■ **What is being asked**
Go through the listing below and output exactly the line with "Wireless Wall Sconce", the line with "Audubon Purple Grackle", and each line between; omit the rest.

■ **Supplied material**
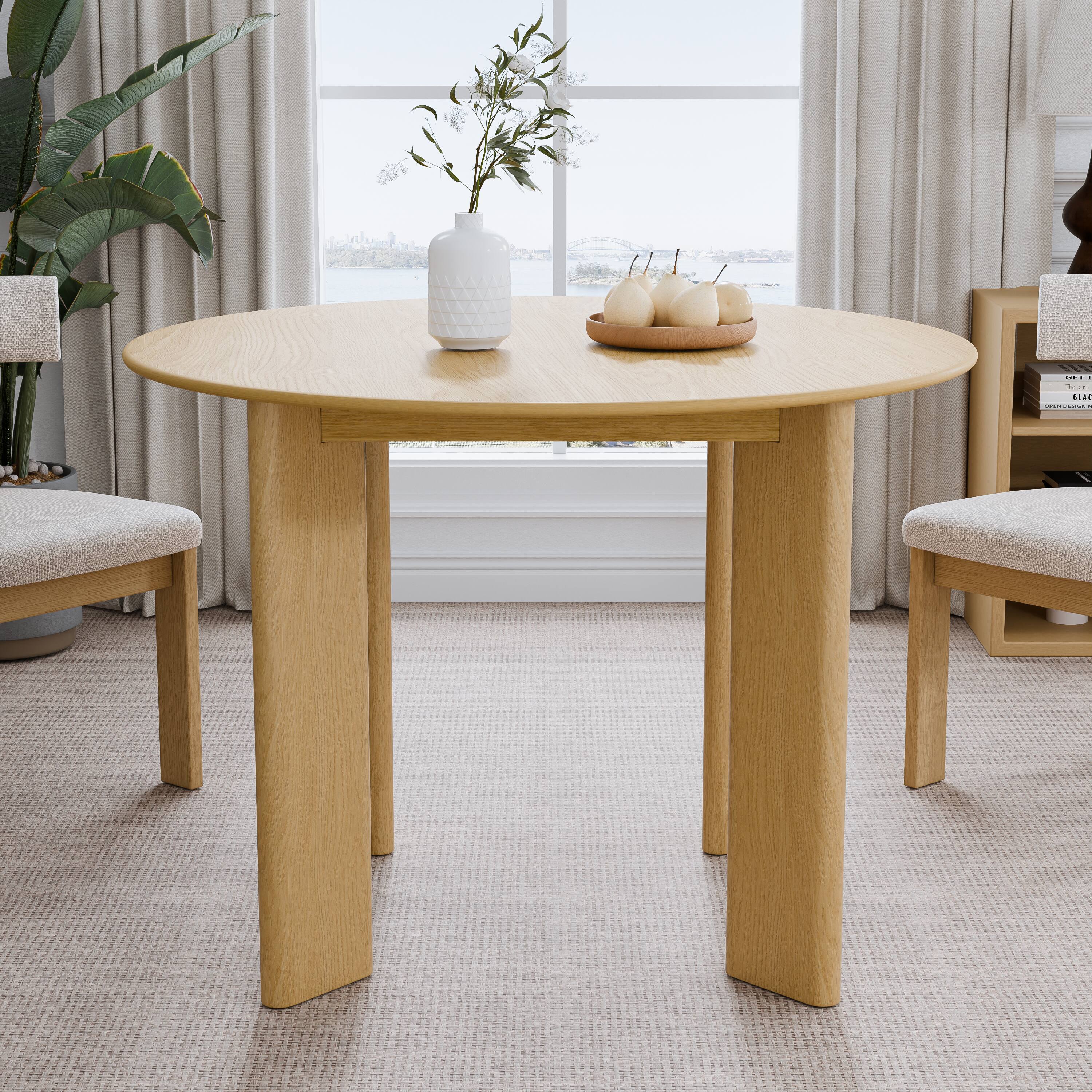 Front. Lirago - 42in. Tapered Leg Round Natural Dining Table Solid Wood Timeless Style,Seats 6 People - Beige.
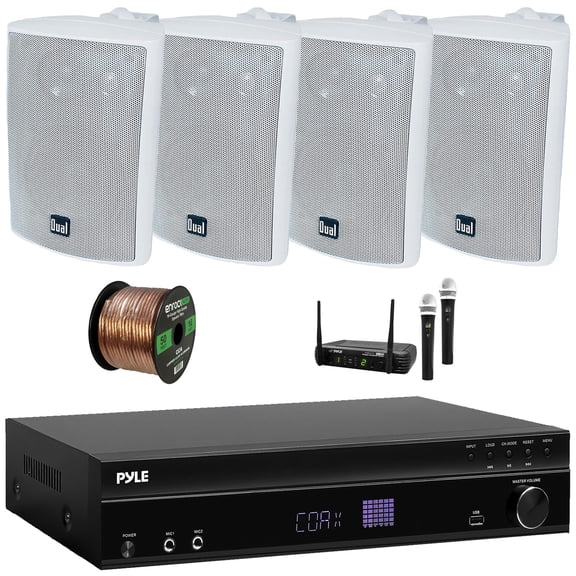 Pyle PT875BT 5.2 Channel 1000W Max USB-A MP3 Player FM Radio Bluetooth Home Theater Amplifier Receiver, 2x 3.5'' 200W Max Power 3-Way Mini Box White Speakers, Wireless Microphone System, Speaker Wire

---

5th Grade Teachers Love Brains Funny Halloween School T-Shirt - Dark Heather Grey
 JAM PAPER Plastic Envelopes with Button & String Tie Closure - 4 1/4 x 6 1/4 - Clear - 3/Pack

* * *

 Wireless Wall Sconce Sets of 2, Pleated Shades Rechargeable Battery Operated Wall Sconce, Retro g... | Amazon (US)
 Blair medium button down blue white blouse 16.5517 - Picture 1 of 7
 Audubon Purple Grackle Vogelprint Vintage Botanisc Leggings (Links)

■ **Your solution**
 Wireless Wall Sconce Sets of 2, Pleated Shades Rechargeable Battery Operated Wall Sconce, Retro g... | Amazon (US)
 Blair medium button down blue white blouse 16.5517 - Picture 1 of 7
 Audubon Purple Grackle Vogelprint Vintage Botanisc Leggings (Links)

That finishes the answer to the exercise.